Although we often speak about Passover in shorthand as the celebration of when God freed the Jews from slavery, it’s more accurate to describe the event as God leading the Jews out of Egypt. The Hebrew word for Egypy, Mitzrayim, means “the narrow place” — the place of limitations, restrictions, or confinement.
So Passover is really about celebrating freedom from restrictions, a release from a place of confinement.
Ironically, today New York Governor Andrew Cuomo announced an extension of the New York on PAUSE stay-at-home restrictions. So while Passover may be coming to a close, our current period of confinement continues.
But what if the real lesson for us to learn here wasn’t about attaining freedom from confinement, but rather about finding freedom within confinement?
Freedom Within the Practice
This idea was planted in me by Abbie Galvin, the founder of The Studio, a Katonah Yoga studio in New York where I have been practicing since late last year. Over the weekend, I participated in a Home Practice training (virtual, of course) that Abbie taught. She encouraged us to adopt a set sequence for our home practice, and to stick with that sequence for several months, maybe even a year.
For many people, my self included, this seems confining.
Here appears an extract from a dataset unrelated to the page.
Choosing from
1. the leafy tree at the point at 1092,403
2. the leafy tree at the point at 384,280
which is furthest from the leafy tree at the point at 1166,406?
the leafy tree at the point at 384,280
Shouldn’t we be working on other poses? Don’t we need variety to ensure a well-rounded practice?
Abbie’s point was that a home practice is a vehicle for going inside ourselves; a place to discover our inner workings. The restrictions take us out of our first nature, our habits.
By repeating the same practice daily we will gain insights into how it changes, and how it changes us, through the seasons.
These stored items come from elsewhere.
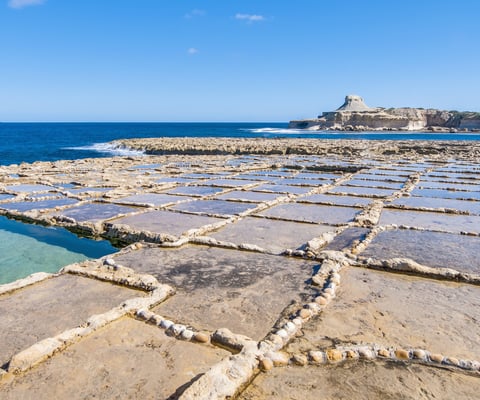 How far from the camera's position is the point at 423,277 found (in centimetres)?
450

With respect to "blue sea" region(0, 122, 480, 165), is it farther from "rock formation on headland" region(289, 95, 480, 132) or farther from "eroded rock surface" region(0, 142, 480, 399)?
"eroded rock surface" region(0, 142, 480, 399)

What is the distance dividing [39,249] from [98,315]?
3.61 m

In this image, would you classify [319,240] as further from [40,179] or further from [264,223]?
[40,179]

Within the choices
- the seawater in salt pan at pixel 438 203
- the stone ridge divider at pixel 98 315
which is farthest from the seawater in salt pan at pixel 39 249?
the seawater in salt pan at pixel 438 203

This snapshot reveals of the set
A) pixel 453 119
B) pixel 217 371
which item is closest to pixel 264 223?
pixel 217 371

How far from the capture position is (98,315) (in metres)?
3.47

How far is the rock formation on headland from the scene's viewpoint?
85875 millimetres

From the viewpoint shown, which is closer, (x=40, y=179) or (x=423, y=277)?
(x=423, y=277)

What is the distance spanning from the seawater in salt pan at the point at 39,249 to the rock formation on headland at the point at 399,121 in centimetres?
8163

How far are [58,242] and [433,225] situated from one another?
21.6ft

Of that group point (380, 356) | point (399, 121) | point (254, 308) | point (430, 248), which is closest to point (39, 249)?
point (254, 308)

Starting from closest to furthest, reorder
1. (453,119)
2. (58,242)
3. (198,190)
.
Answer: (58,242) → (198,190) → (453,119)

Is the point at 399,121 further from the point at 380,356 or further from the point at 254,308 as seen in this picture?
the point at 380,356

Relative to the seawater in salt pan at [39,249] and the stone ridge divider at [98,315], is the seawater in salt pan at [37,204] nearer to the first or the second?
the seawater in salt pan at [39,249] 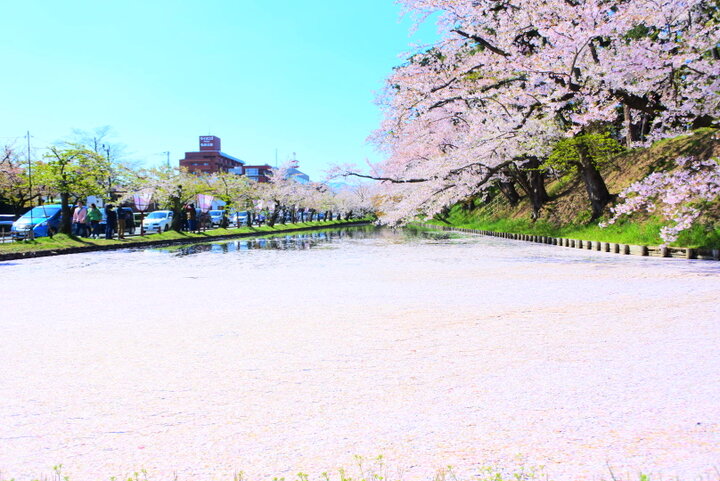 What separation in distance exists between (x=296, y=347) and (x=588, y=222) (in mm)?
19262

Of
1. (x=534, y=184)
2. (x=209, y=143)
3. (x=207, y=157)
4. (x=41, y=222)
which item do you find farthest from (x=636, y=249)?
(x=209, y=143)

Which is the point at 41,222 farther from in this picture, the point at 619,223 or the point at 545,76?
the point at 619,223

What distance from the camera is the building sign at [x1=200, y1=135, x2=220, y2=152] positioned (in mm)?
131875

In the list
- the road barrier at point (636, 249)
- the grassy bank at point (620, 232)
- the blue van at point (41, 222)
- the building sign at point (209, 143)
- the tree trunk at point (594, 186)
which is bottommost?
the road barrier at point (636, 249)

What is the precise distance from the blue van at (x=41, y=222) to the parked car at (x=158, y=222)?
22.3 ft

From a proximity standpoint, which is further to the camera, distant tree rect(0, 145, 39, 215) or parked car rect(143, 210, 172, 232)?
distant tree rect(0, 145, 39, 215)

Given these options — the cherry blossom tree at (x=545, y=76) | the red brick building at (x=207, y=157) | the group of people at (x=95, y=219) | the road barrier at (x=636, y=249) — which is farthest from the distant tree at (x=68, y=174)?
the red brick building at (x=207, y=157)

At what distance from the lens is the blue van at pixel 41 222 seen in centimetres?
2416

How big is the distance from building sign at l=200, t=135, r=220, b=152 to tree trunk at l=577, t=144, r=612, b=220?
11965 cm

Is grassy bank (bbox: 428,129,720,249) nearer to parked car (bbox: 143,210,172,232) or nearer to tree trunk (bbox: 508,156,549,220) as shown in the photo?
tree trunk (bbox: 508,156,549,220)

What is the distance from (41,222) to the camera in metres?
24.6

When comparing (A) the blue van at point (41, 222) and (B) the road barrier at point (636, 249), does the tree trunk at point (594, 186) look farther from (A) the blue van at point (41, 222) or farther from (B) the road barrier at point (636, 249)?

Repetition leads to revelation, and that awareness creates freedom.
Limitations Can Give Us Freedom
One student posted in the chat that she had been doing the same practice for several months and found freedom in the fact that there was nothing to decide. Just show up and do the practice. You don’t need to listen to what you feel like doing today.
This, of course, is a practice I’ve adopted in many places in my own life. I don’t decide whether to exercise in the morning, or sit for meditation, or write a blog post. By removing the choice about whether to do the practice, I free myself up to focus on what I’m doing in the practice.
In this time of quarantine, I’d already been adapting my morning fitness ritual to focus more on my yoga practice, especially when it’s been too cold or rainy to go outside. Committing to the same practice every day has removed the pressure of deciding what to do, or designing a new sequence every day. It’s even freed me from the pressure to check in with myself about what I think I need on any given day.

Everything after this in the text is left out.